Great car for Uber X. Btw, I usually do water and jolly ranchers.


----------



## dnlbaboof (Nov 13, 2015)

no, in 2019 uber will tell you you need a new car, cars must be less than 15 years old....., plus the cheepos want newer cars i drove a 2001 car in 2016 and got bad ratings


----------



## Just Another Uber Drive (Jul 15, 2015)

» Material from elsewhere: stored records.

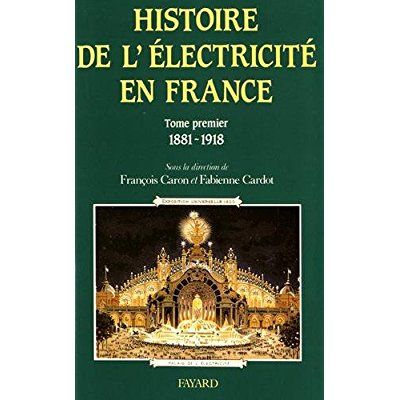 Emprunter Histoire de l'électricité en France. Tome 1, Espoirs et conquêtes (1881-1918) livre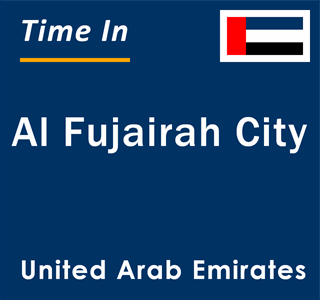 Current local time in Al Fujairah City, United Arab Emirates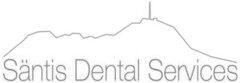 Säntis Dental Services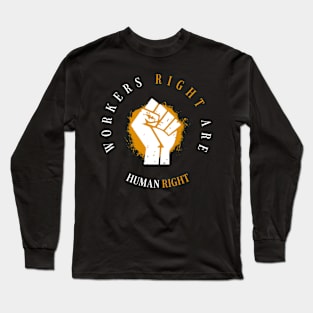 Workers Rights are Human Rights Long Sleeve T-Shirt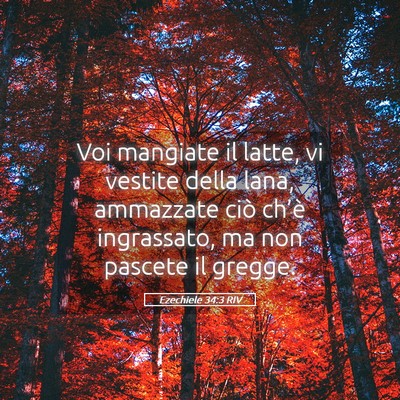 Picture 05 - Ezechiele 34:3 RIV - Voi mangiate il latte, vi vestite della lana, - Bible Verse Picture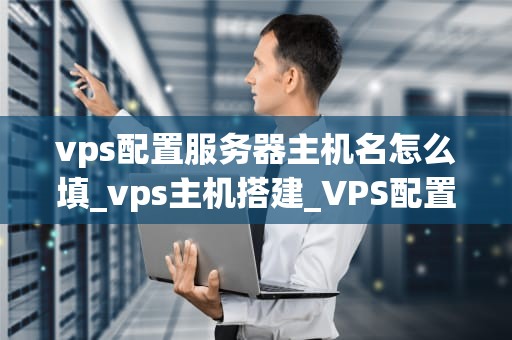 vps配置服务器主机名怎么填_vps主机搭建_VPS配置服务器主机名详解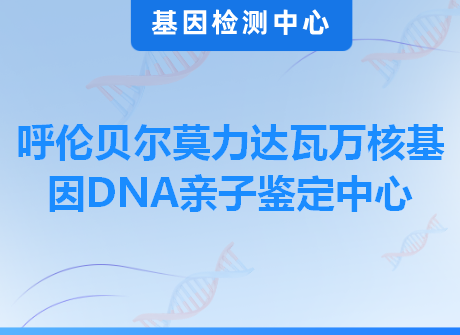 呼伦贝尔莫力达瓦万核基因DNA亲子鉴定中心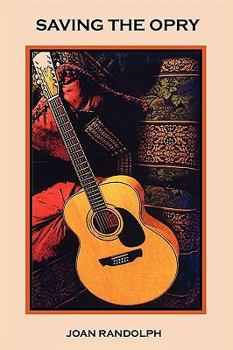Paperback Saving the Opry Book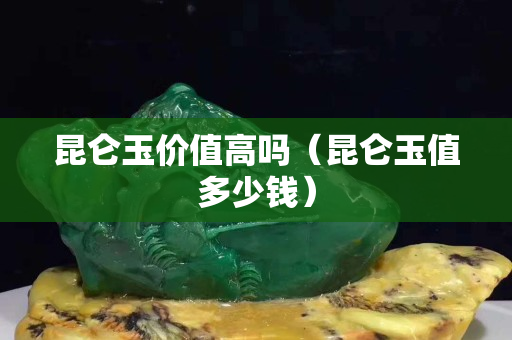 昆仑玉价值高吗（昆仑玉值多少钱）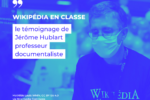 Wikipédia en classe – Témoignage du professeur documentaliste Jérôme Hublart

https://www.uber.com/drive/nw-indiana/vehicle-requirements/


----------



## whiskeyboat (Oct 14, 2017)

2004 Toyota is probably the best car ever for rideshare. Depreciation is about done but there are plenty of miles left in it. Groups of 4 will be a little crowded in a Corolla but I doubt your ratings will take much of a hit if the car is clean and your service is good. Just make sure the timing belt gets changed at the correct interval.


----------



## mytheq63 (Oct 6, 2016)

I drove for almost 2 years on the Uber platform (we didn't have Lyft yet) with a 2007 Corolla that was missing the front air dam, had rust spots on both sides, and had some many scratches and small dings I stopped counting at 1000. However, it was nice and clean inside and the seats were really soft. I carried a 4.92 rating the whole time. At night the exterior doesn't matter, a clean interior and safe driving does.


----------



## Filinator13 (Apr 7, 2017)

I have an '03 Accord I am using on X, it will age out in my market come 2019, but for now it has served me well...knock on wood. I keep the thing as clean as possible and smelling nice. I think since it has a dark interior some blemishes don't show as much as they would in an older car with a lighter interior. I had a 4.96 rating until some drunk passenger rated me 1 star for not having an aux cord and refusing to take their 5th friend. Now I am back up to a 4.92.


----------